━━━━━ AVAILABLE DATA ━━━━━
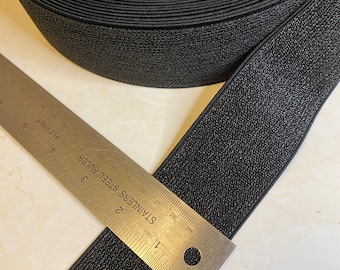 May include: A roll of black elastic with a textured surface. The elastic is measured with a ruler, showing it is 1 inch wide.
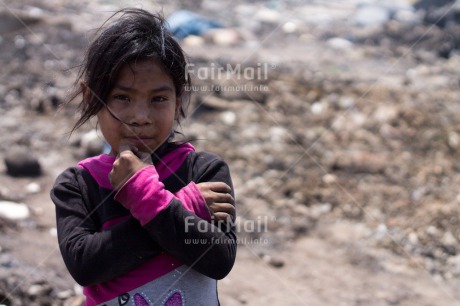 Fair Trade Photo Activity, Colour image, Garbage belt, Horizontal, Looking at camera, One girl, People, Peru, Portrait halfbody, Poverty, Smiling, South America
━━━━━
━━━━━ AVAILABLE DATA ━━━━━
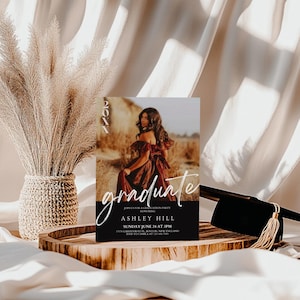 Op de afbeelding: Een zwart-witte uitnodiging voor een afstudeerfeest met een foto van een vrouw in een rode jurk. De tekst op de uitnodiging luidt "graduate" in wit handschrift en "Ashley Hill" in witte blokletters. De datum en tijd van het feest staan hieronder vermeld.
━━━━━
━━━━━ AVAILABLE DATA ━━━━━
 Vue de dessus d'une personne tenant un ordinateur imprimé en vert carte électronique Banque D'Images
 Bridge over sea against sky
━━━━━
> [REQUIRED ACTION]
From the line with "May include: A" up to and including the line with "Fair Trade Photo" above, retype every line exactly and nothing more; leave out the pictures.

> [SOLUTION FOR THIS EXERCISE]
 May include: A roll of black elastic with a textured surface. The elastic is measured with a ruler, showing it is 1 inch wide.
 Fair Trade Photo Activity, Colour image, Garbage belt, Horizontal, Looking at camera, One girl, People, Peru, Portrait halfbody, Poverty, Smiling, South America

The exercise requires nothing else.